* EXERCISE REQUIREMENTS *
For the entries that follow, restate word for word the line containing "Expediente de las", the line containing "Retro Flowers Colourful", and every line that lies between them.

* EXERCISE DATA *
- - -
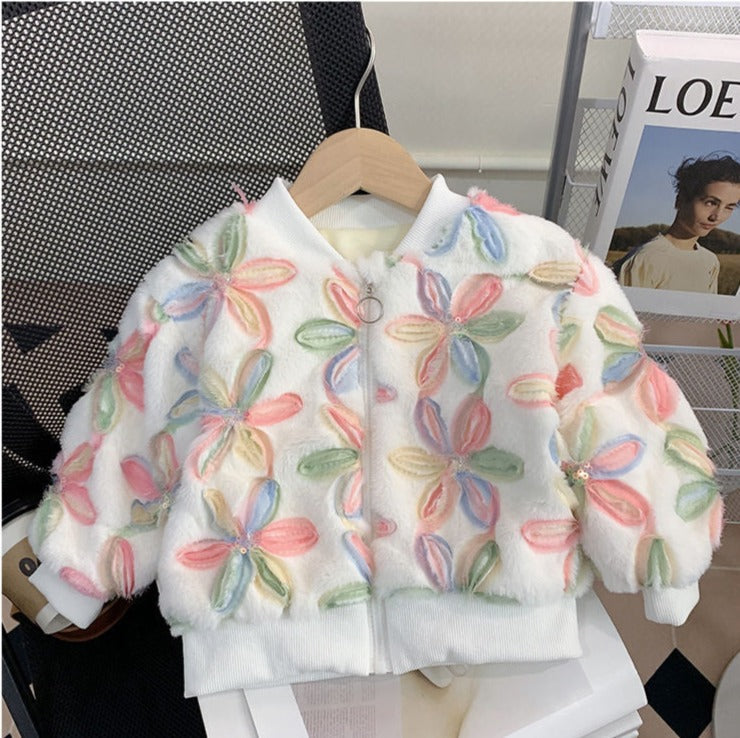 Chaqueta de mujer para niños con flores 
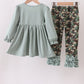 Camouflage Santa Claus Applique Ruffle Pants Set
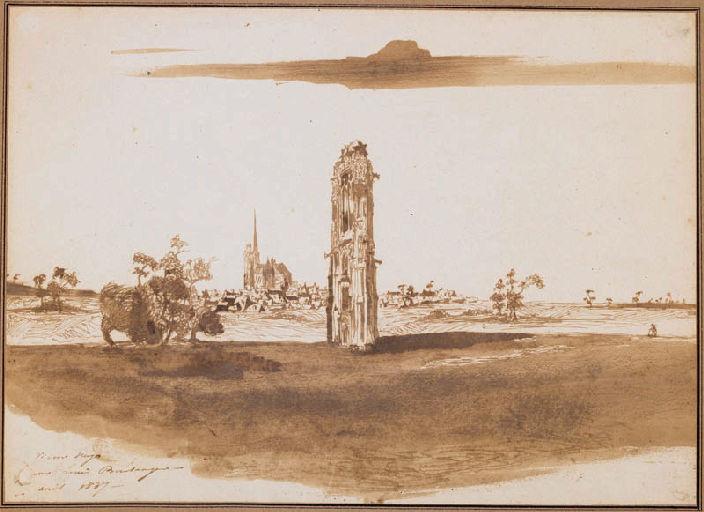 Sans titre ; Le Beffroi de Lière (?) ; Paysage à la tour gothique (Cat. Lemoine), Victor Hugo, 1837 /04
- - -
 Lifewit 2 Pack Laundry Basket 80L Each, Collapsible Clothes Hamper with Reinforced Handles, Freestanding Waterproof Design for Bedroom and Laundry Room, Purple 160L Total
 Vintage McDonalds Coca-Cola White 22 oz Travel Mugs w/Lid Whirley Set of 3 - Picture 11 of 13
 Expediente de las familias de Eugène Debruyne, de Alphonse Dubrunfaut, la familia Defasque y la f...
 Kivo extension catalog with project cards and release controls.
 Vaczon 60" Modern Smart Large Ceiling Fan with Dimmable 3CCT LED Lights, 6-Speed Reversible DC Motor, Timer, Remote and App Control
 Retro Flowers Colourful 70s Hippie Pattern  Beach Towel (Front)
- - -
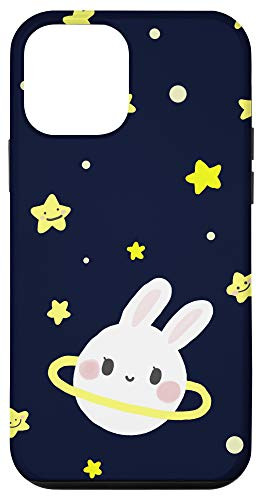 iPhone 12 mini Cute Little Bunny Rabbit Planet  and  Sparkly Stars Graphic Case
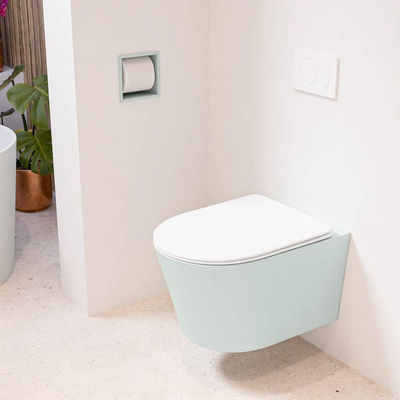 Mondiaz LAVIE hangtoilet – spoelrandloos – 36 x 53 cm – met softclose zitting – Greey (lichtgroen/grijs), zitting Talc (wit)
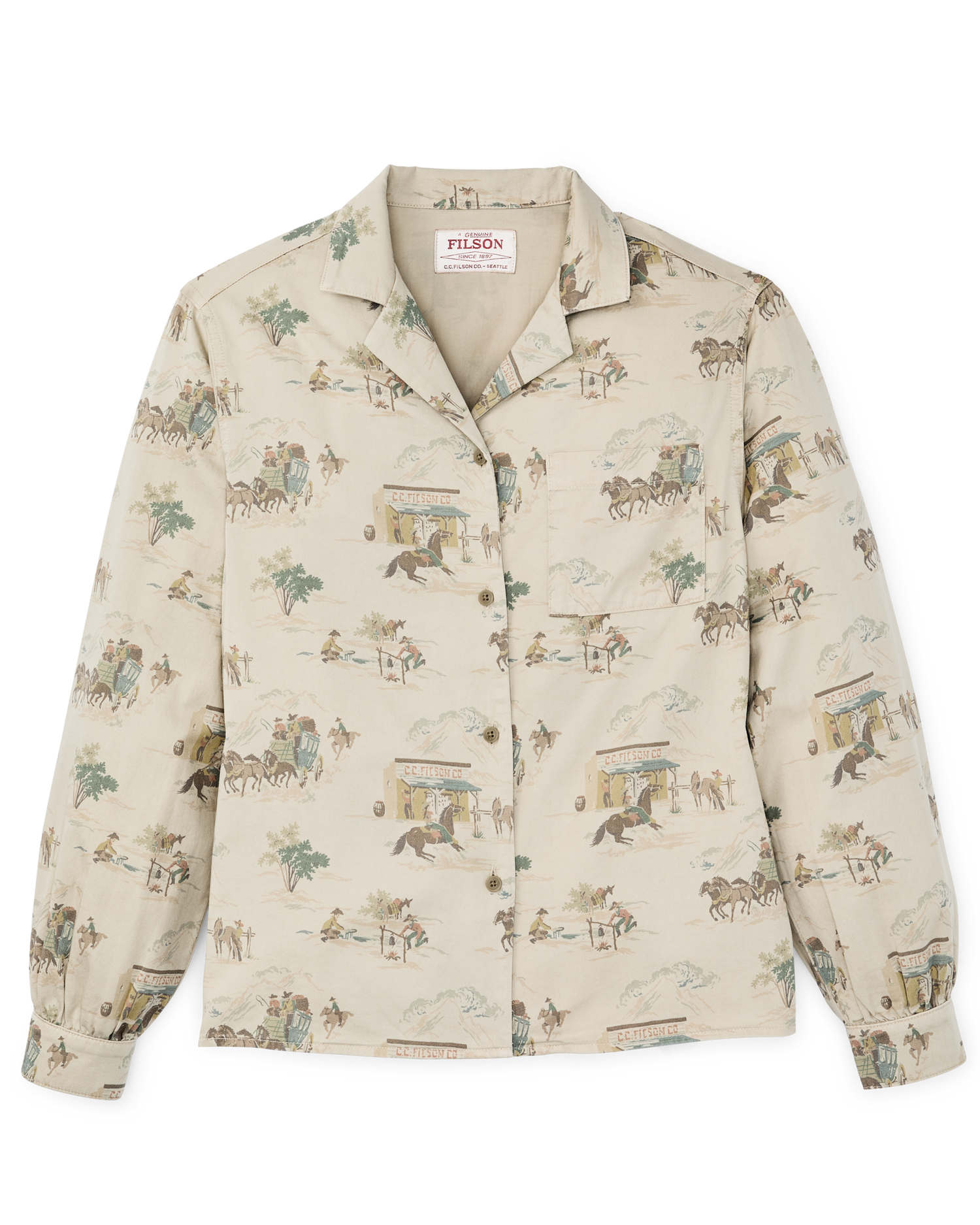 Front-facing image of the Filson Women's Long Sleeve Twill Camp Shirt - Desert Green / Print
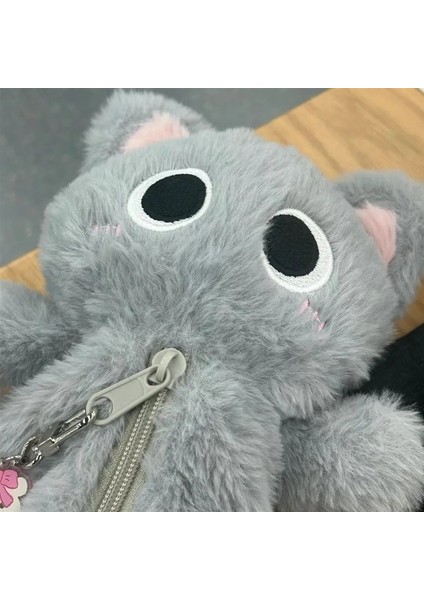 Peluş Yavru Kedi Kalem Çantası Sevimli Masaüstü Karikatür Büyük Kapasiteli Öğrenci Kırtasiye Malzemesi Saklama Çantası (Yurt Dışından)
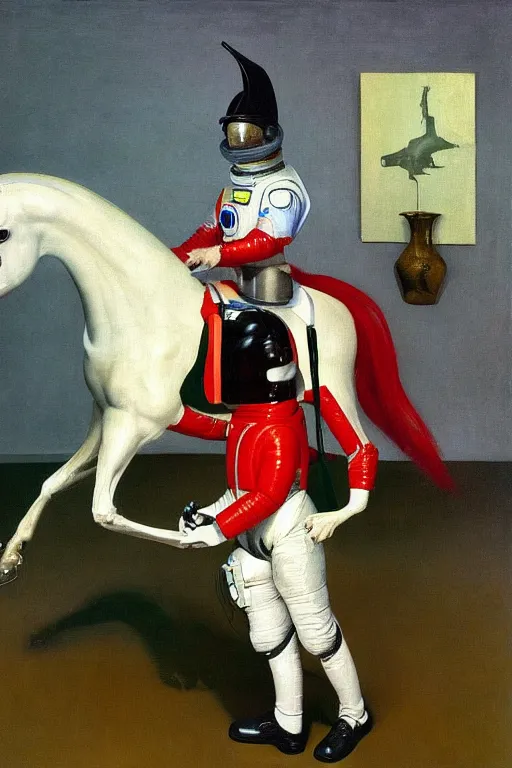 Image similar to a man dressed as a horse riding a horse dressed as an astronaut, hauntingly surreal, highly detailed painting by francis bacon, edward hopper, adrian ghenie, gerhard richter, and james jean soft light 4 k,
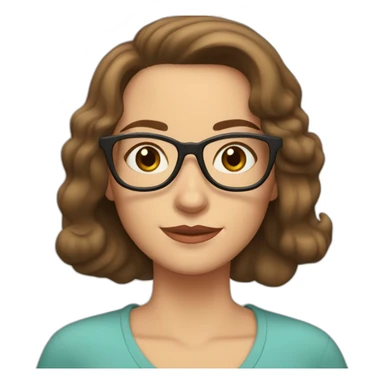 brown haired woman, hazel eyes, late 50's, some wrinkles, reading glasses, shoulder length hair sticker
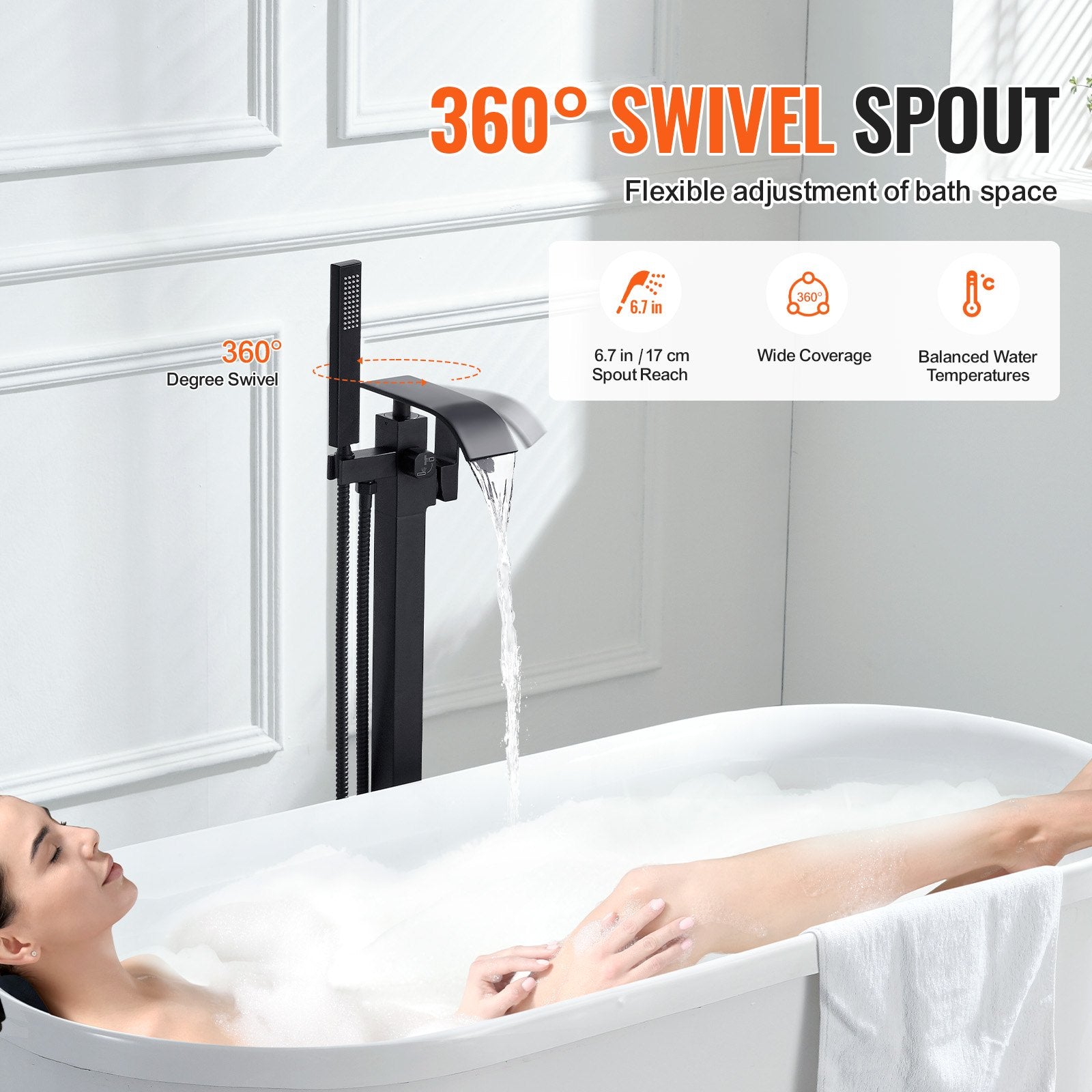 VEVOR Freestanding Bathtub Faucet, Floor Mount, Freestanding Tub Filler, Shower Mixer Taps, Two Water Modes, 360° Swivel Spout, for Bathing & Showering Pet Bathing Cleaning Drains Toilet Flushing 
- - -
* RESPONSE TO THE TASK *
 Expediente de las familias de Eugène Debruyne, de Alphonse Dubrunfaut, la familia Defasque y la f...
 Kivo extension catalog with project cards and release controls.
 Vaczon 60" Modern Smart Large Ceiling Fan with Dimmable 3CCT LED Lights, 6-Speed Reversible DC Motor, Timer, Remote and App Control
 Retro Flowers Colourful 70s Hippie Pattern  Beach Towel (Front)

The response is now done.